Dios
nos ha creado para la vida – vivir eternamente en gozo y plenitud – y quiere que
todos sus hijos gocen de esa Vida Eterna. Él es la Vida, la Verdad y el Camino.
Vida en abundancia y felicidad y, fuera de Él, no hay nada, vacío y perdición.
Por eso, nuestro Padre, que nos conoce, deja la puerta abierta de su Infinita
Misericordia y nos perdona, dándonos siempre la oportunidad de levantarnos y
volver a Él. La parábola del hijo pródigo es un hermoso ejemplo de como nos
quiere y nos perdona nuestro Padre Dios.
Sin
embargo, nuestro Padre Dios quiere que decidamos nosotros. Nos ha creado en
libertad y nos toca a nosotros decidir. Ya en el – Deuteronomio 30, 15 – nos pone
esa posibilidad y quiere que, en plena libertad, le respondamos. De tal forma
que, la Misericordia con la que hemos sido tratados por Él, también la tengamos
nosotros con los demás, amigos y enemigos, creyentes y no creyentes.
¿Se
nos hace difícil, hasta el punto de que nos parece imposible? Sí, es evidente.

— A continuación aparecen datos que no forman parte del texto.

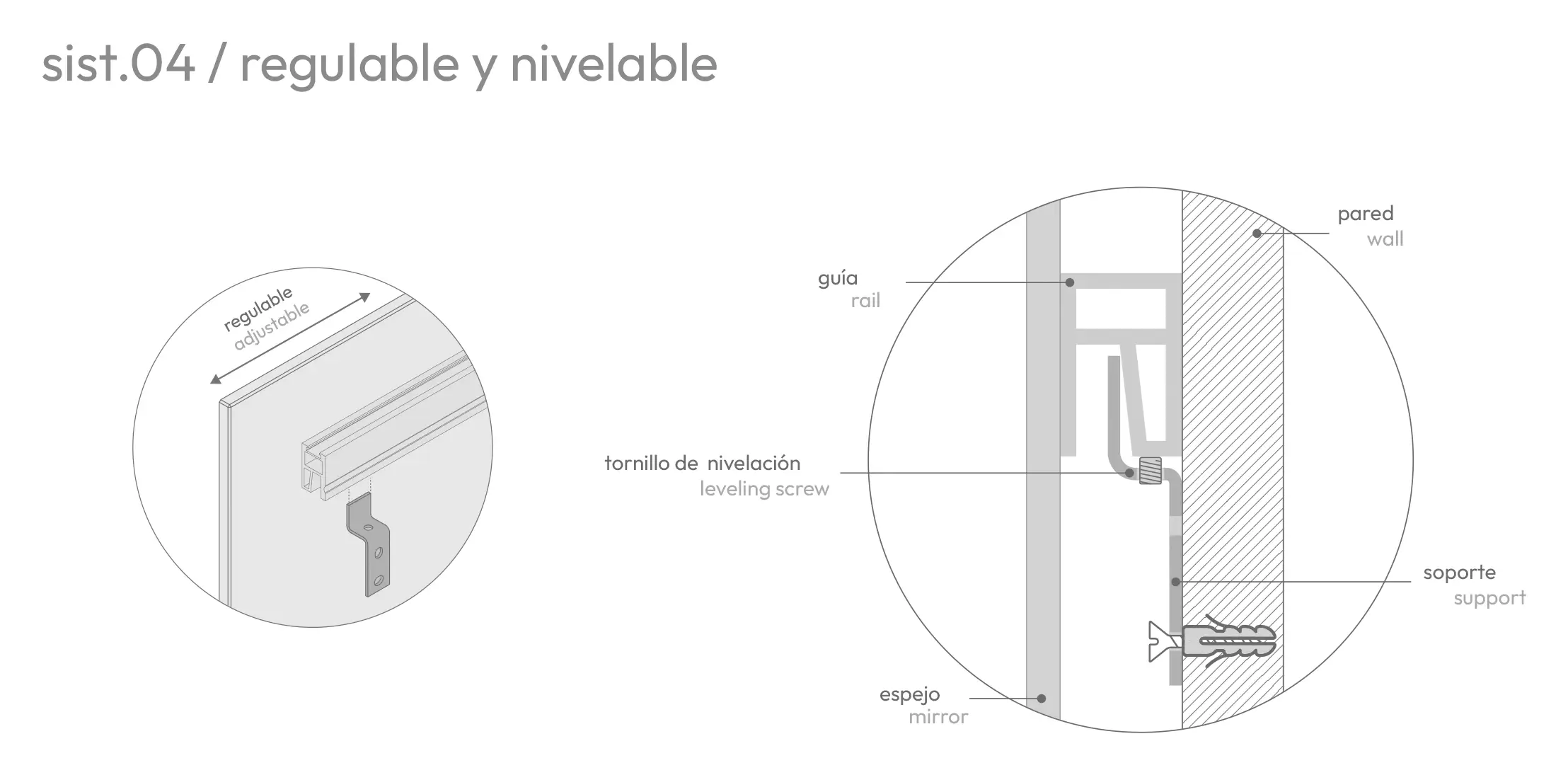 Sistema de fijación regulable y nivelable Manillons Torrent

Nuestra naturaleza es débil y sometida al pecado. Jesús, el Señor, viene precisamente
a liberarnos, y esa es la clave, abrirnos a su Misericordia y Palabra.
Entonces, seremos fuertes y capaces de perdonar. Incluso a nuestros enemigos.

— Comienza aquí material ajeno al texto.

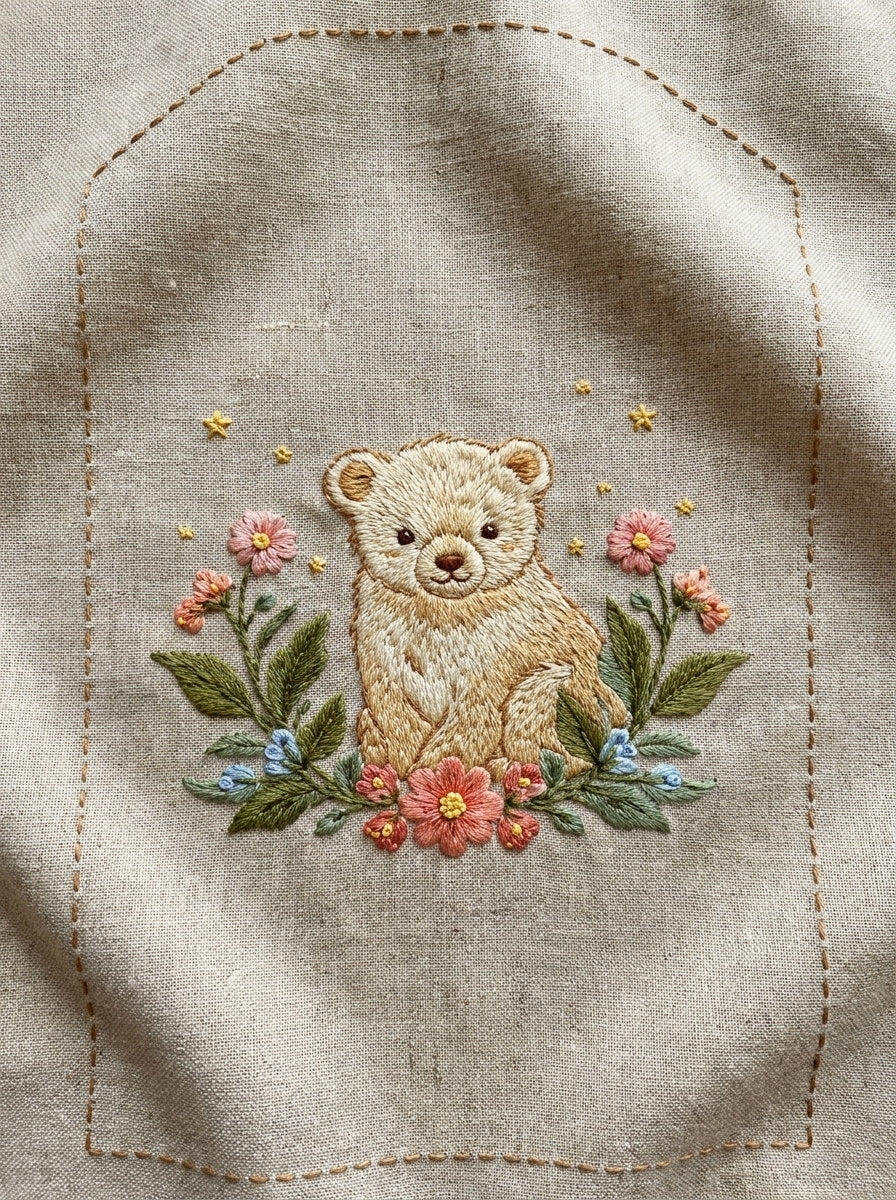 Nursery Pouch Front Motif Baby And Kids Embroidery 2 Png from Baby & Kids Embroidery Book 4, a digital embroidery design reference for machine embroidery designs, embroidery patterns and baby and keepsake embroidery.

Partimos de que no vamos solos. Desde la hora de nuestro bautismo hemos
recibido al Espíritu Santo. El mismo que recibió Jesús en el Jordán a la hora
de su bautismo. Y, en, con y por Él seremos fuertes y capaces de que, nuestro
corazón se transforme en un corazón humilde, comprensivo, paciente, suave y
bueno. Recordemos la necesidad de ser persistentes y perseverantes tal y como reflexionábamos
el otro día.
No perdamos de vista que nunca podríamos ser recibido por nuestro Padre Dios si antes nosotros no recibimos misericordiosamente a nuestros hermanos. Esa es la condición, que no es otra que el amor. Amar a Dios y amar al prójimo. Sin el segundo no se puede vivir el primero. Claro como el agua y necesario la acción del Espíritu Santo.